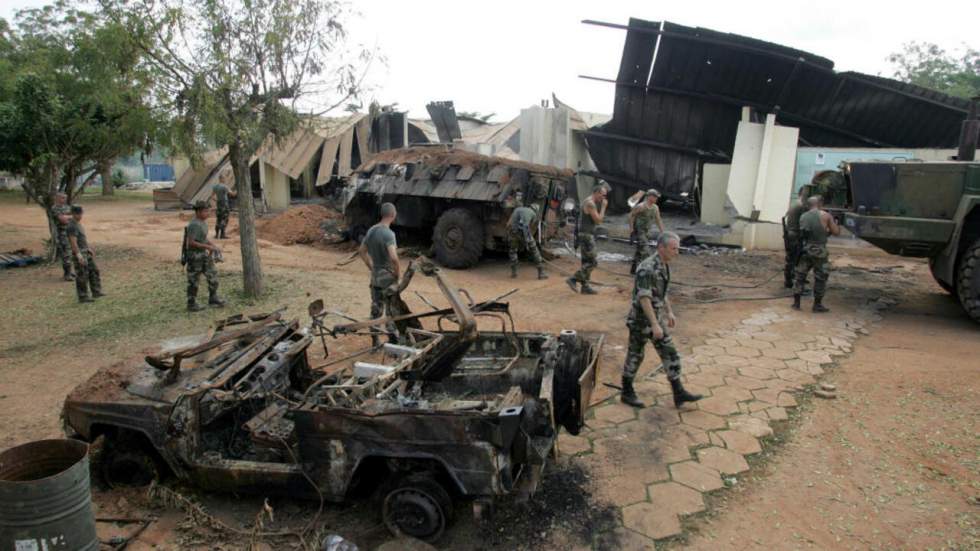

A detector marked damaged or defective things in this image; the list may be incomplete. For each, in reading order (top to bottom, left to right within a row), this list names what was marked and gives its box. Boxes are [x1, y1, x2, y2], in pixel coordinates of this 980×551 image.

charred truck chassis [342, 146, 580, 268]
burnt armored personnel carrier [342, 147, 580, 268]
rusty oil drum [0, 440, 98, 551]
charred truck chassis [63, 268, 596, 544]
burned-out vehicle wreck [65, 266, 600, 540]
burnt armored personnel carrier [65, 266, 600, 540]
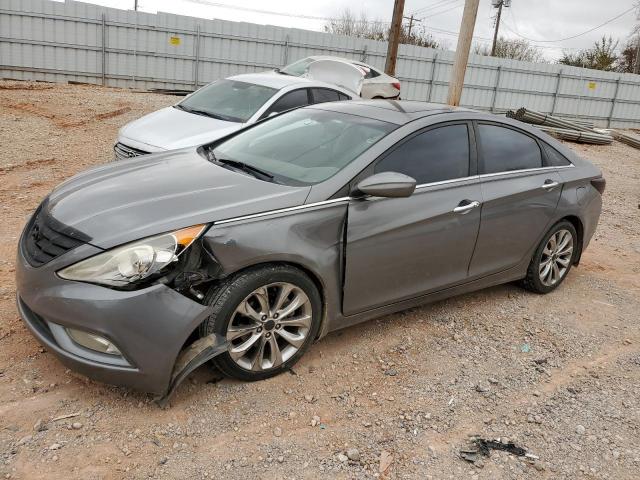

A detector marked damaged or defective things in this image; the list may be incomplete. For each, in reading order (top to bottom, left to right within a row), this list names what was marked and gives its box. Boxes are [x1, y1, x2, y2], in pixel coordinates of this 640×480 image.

cracked headlight [58, 224, 205, 286]
car side panel dent [202, 202, 348, 338]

+++

> **DIRECTIONS**
Every record above must be printed exactly, except for its images.

> **YOUR RESPONSE**
A detector marked damaged or defective things in this image; the list may be incomplete. For each, in reading order (top to bottom, left to right within a row), this list names what was marked and gives its box. Boxes are [x1, y1, x2, y2], in pixel coordinates of this 980×551 image.

charred truck chassis [342, 146, 580, 268]
burnt armored personnel carrier [342, 147, 580, 268]
rusty oil drum [0, 440, 98, 551]
charred truck chassis [63, 268, 596, 544]
burned-out vehicle wreck [65, 266, 600, 540]
burnt armored personnel carrier [65, 266, 600, 540]

A detector marked damaged or defective things in this image; the list may be incomplete. For each, in reading order (top to bottom, left to right within a row), this list names what was marked and gives its box. Boxes are [x1, y1, x2, y2], in pixel coordinates of this 640×480 image.

cracked headlight [58, 224, 205, 286]
car side panel dent [202, 202, 348, 338]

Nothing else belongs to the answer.